STUDY MATERIAL: Begin
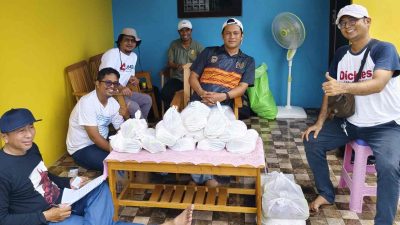 FWE Kalsel Bersama Bank Kalsel Kembali Gelar Pasar Murah di Sungai Andai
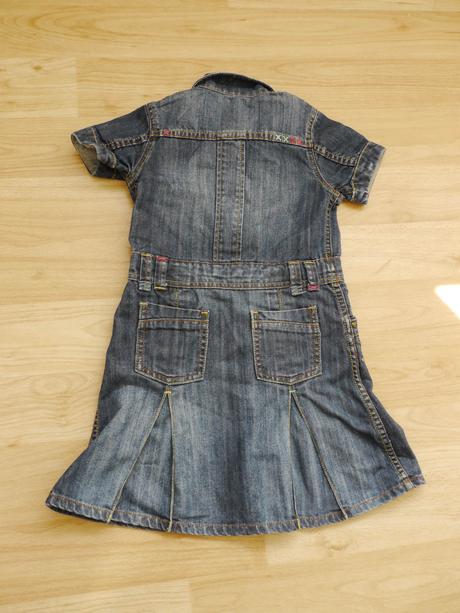 Tom tailor dzinove saty vel. 116/122, tom tailor,116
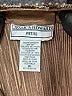 Jessica Howard 100% Polyester Brown Long Sleeve Blouse Size 8 (petite) - photo 7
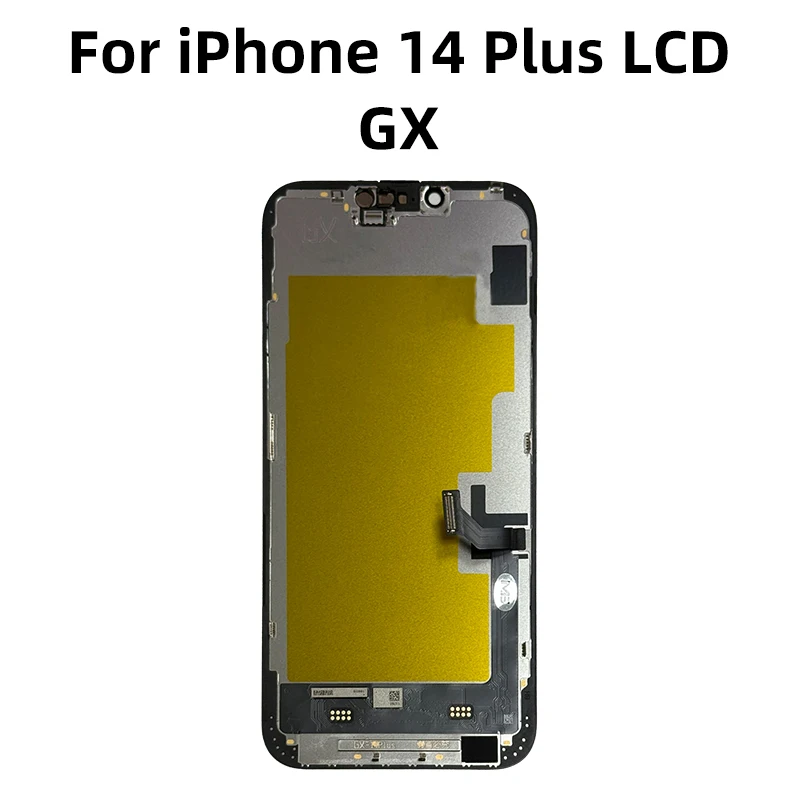 GX OLED For iPhone X XS Max 11 12 13 14 15 16 Pro Max Screen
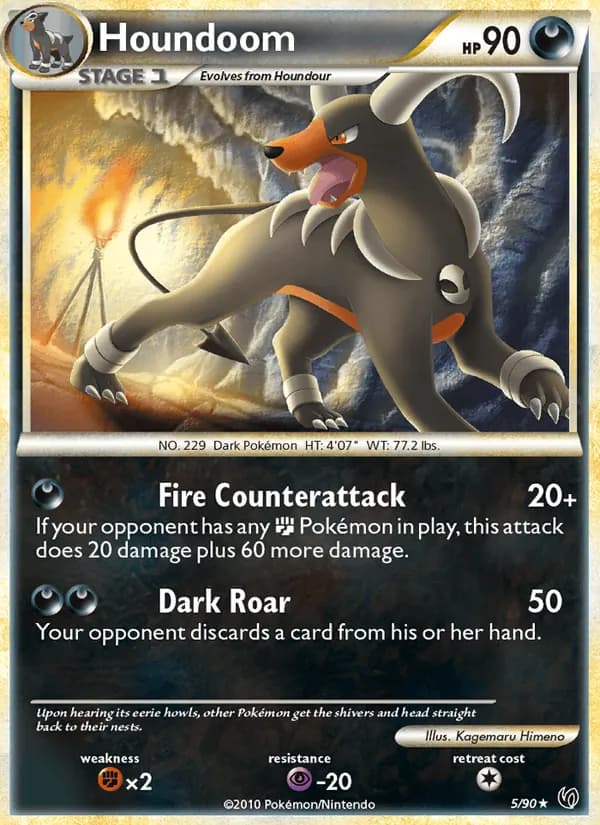 Houndoom – Undaunted 5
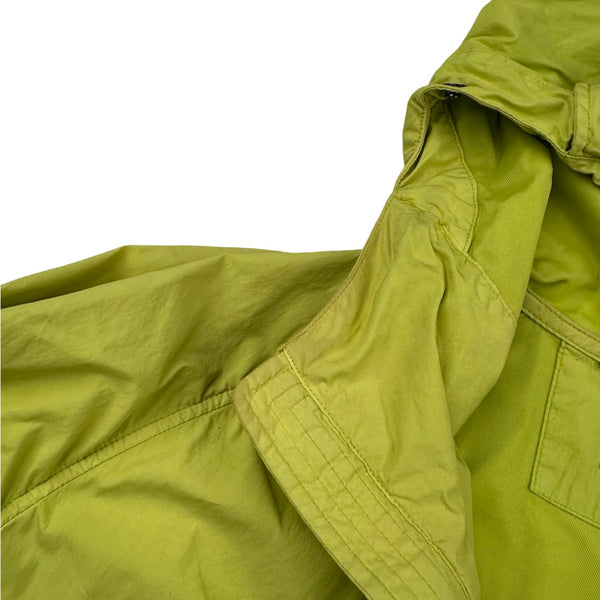 CP Company Lime Green 50.3 Goggle Jacket - XL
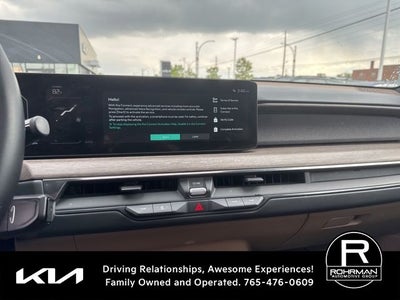 2024 Kia EV9 Land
STUDY MATERIAL: End
Once the line containing "GX OLED For" is found, transcribe it and every line after it to the end of the records, exactly and with no pictures.

 GX OLED For iPhone X XS Max 11 12 13 14 15 16 Pro Max Screen
 Houndoom – Undaunted 5
 CP Company Lime Green 50.3 Goggle Jacket - XL
 2024 Kia EV9 Land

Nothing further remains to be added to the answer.